I have a frontend app in Fargate (ECS) in a private subnet exposed to internet through an Application Load Balancer. My frontend makes API calls to my backend apps, also in Fargate, same VPC.
Users calls to my frontend are made via HTTPS, but my frontend communicates with my backend via HTTP (AWS Service Discovery - AWS Cloud Map). This way, the user browser is showing the error "blocked: mixed content" since half of the communication is made via HTTPS and the other half uses HTTP.
infra here
As far as I know and had been searching, it is not possible to use a SSL/TLS certificate with Service Discovery.
I've made a lot of researches and couldn't find something really useful. I also tried to create an internal load balancer for each backend service but the communication is timing out, it only works when I have a VPN connected.
What am I missing here?
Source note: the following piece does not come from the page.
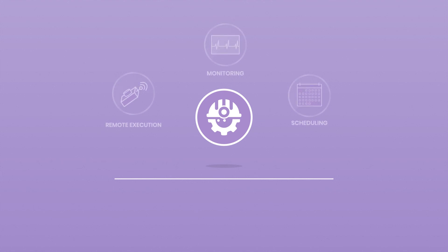For your unattended robots, Orchestrator controls remote execution, monitoring, and scheduling.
Do I need an internal load balancer in front of each backend service to attach a certificate between frontend and backend? What is the best approach to solve this?
Users calls to my frontend are made via HTTPS, but my frontend communicates with my backend via HTTP (AWS Service Discovery - AWS Cloud Map). This way, the user browser is causing the error "blocked: mixed content" since half of the communication is made via HTTPS and the other half uses HTTP.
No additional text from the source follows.